Your task → Please return exactly the line that contains "テディベア少年ベビーシャワー フェイバータグ (インサイチュ)" and every line after it, through the last line of the records below, with no pictures.

#### Data shown ####

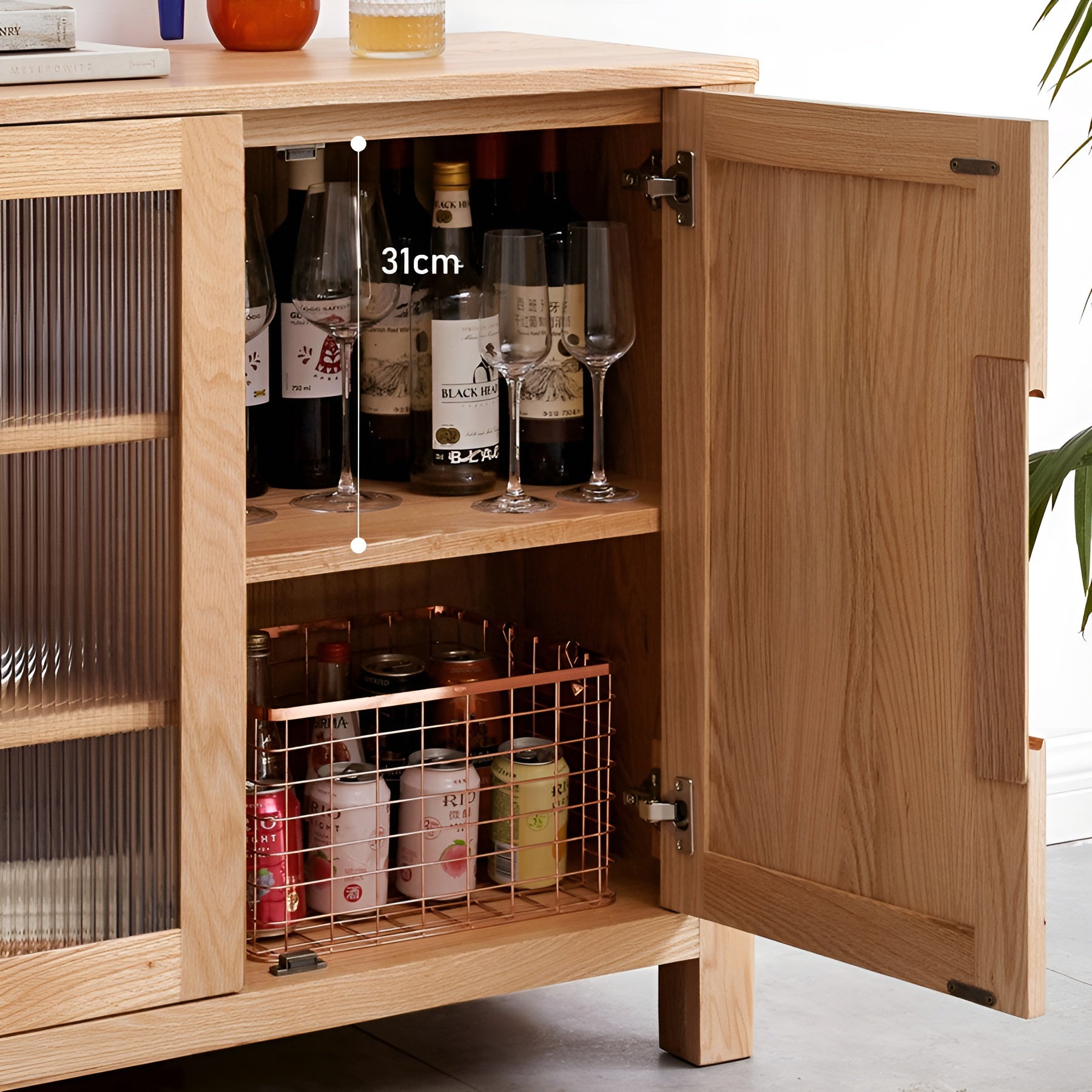 Humbie Natural Solid Oak Extra Large Sideboard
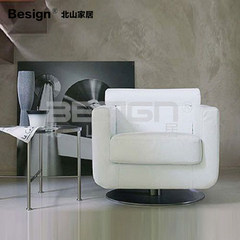 Beishan home package simple European style single cloth sofa, small apartment, single sofa, leisure sofa chair Single 90X85X80
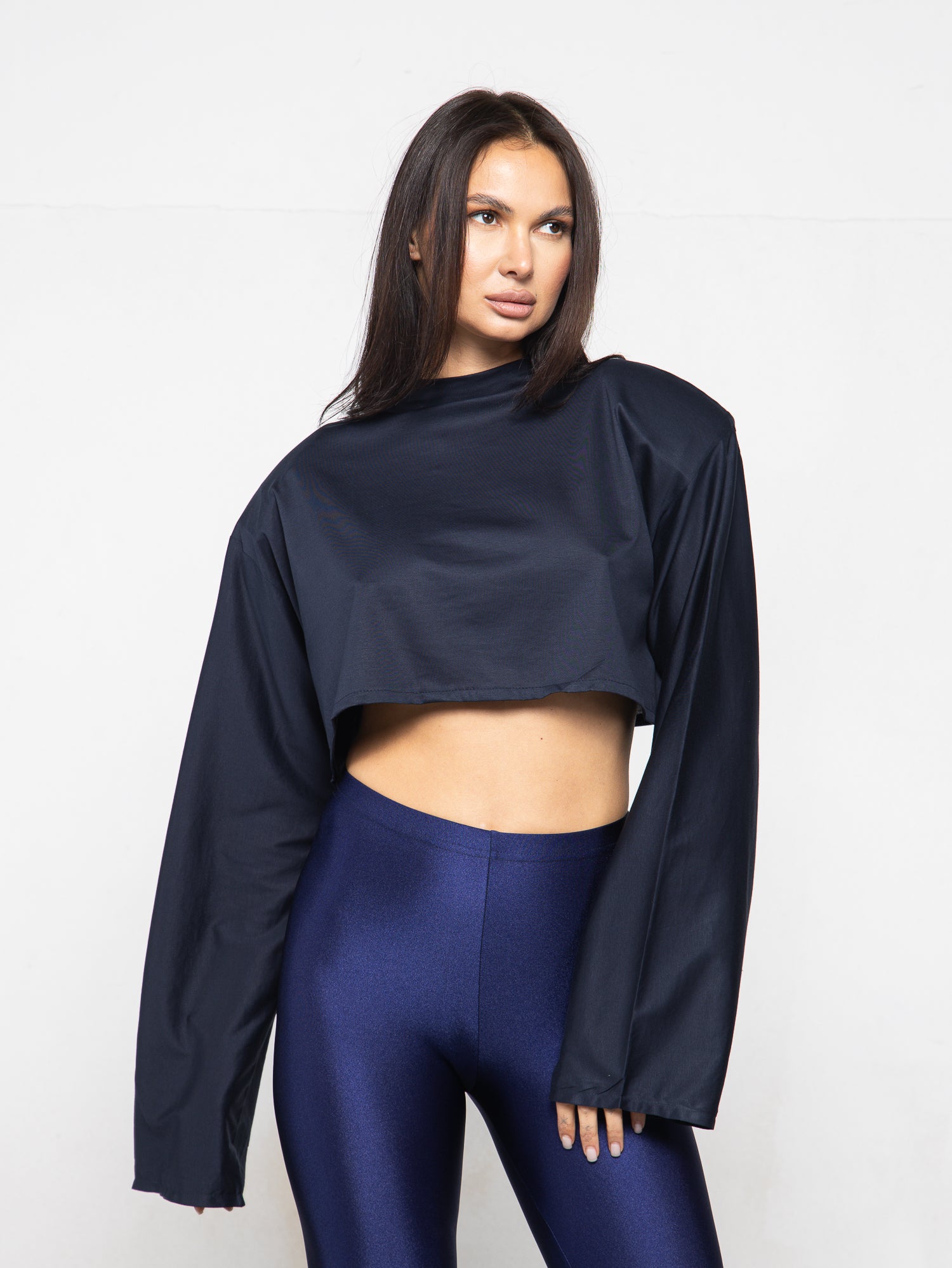 Maglia mini sospiro blu navy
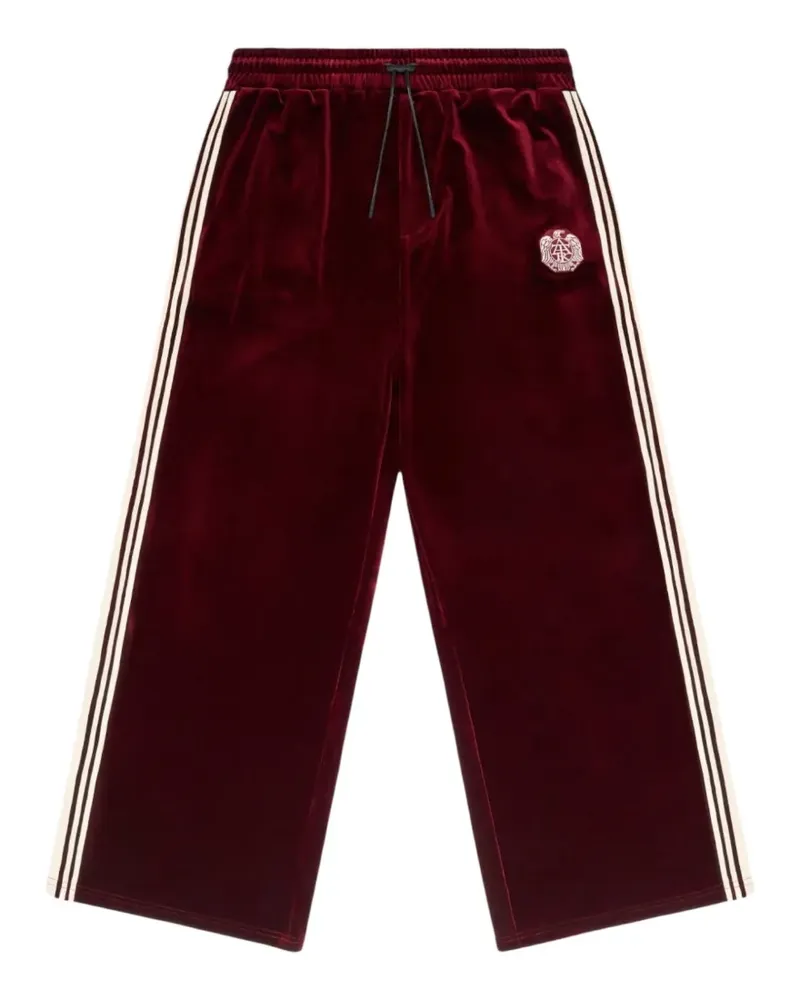 RTA Luxen crest-patch track pants - Rot Rot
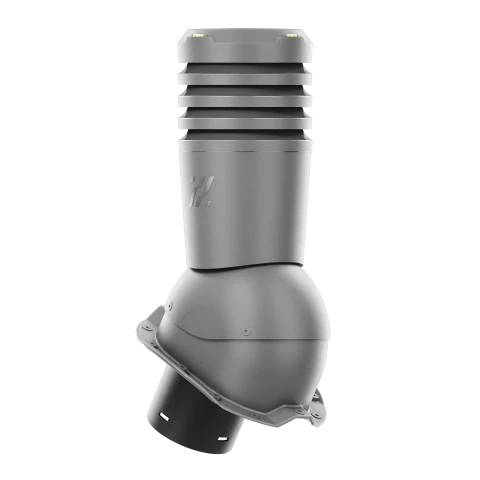 EL-125-03-PT18 Kominek wentylacyjny Ecoline do blachy trapezowej profil T18 fi 125mm grafit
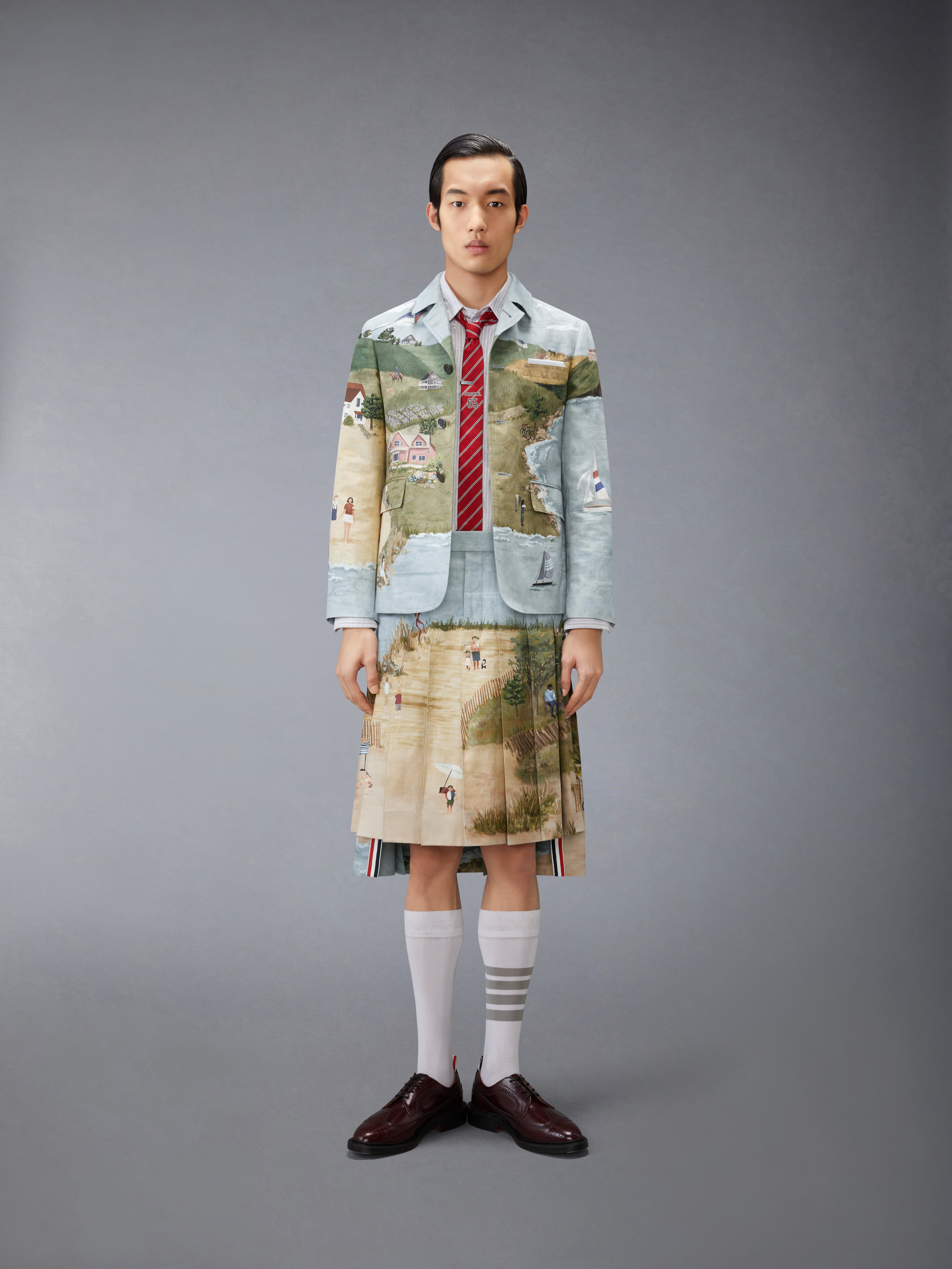 Nantucket Scenic Unconstructed Sportcoat | Thom Browne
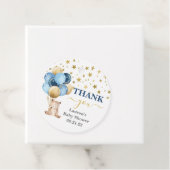 テディベア少年ベビーシャワー フェイバータグ (インサイチュ)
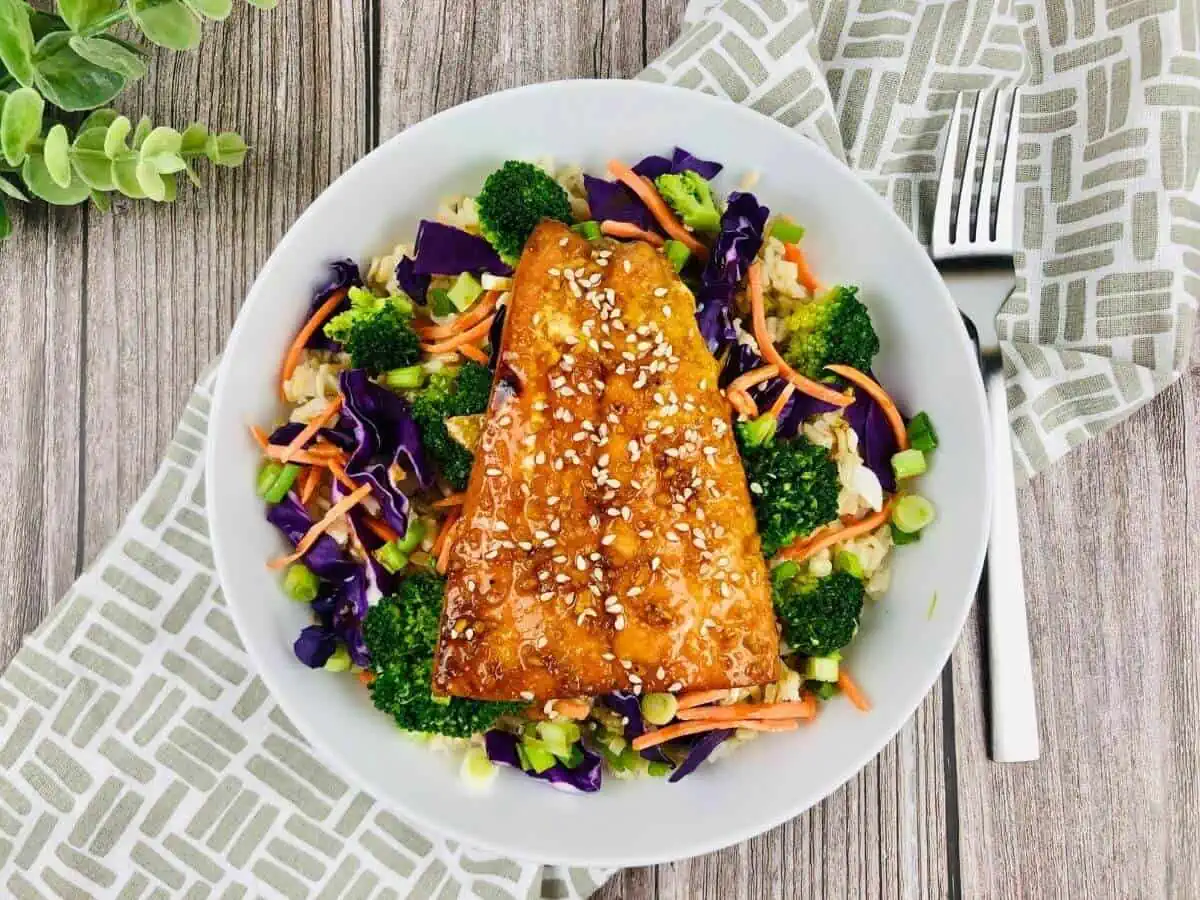 Teriyaki Salmon Bowl (Gluten Free)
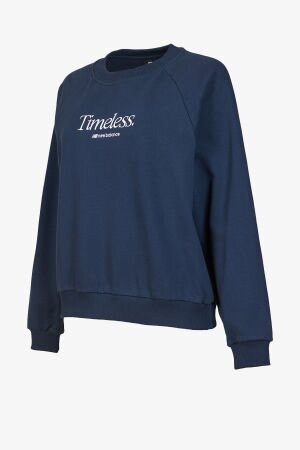 New Balance Lifestyle Kadın Lacivert Sweatshirt WNC3380-IND - New Balance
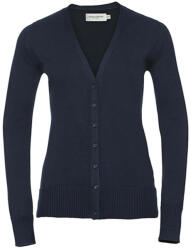 Russell Collection Ladies’ V-Neck Knitted Cardigan (774002013)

####

Problem solution →
 テディベア少年ベビーシャワー フェイバータグ (インサイチュ)
 Teriyaki Salmon Bowl (Gluten Free)
 New Balance Lifestyle Kadın Lacivert Sweatshirt WNC3380-IND - New Balance
 Russell Collection Ladies’ V-Neck Knitted Cardigan (774002013)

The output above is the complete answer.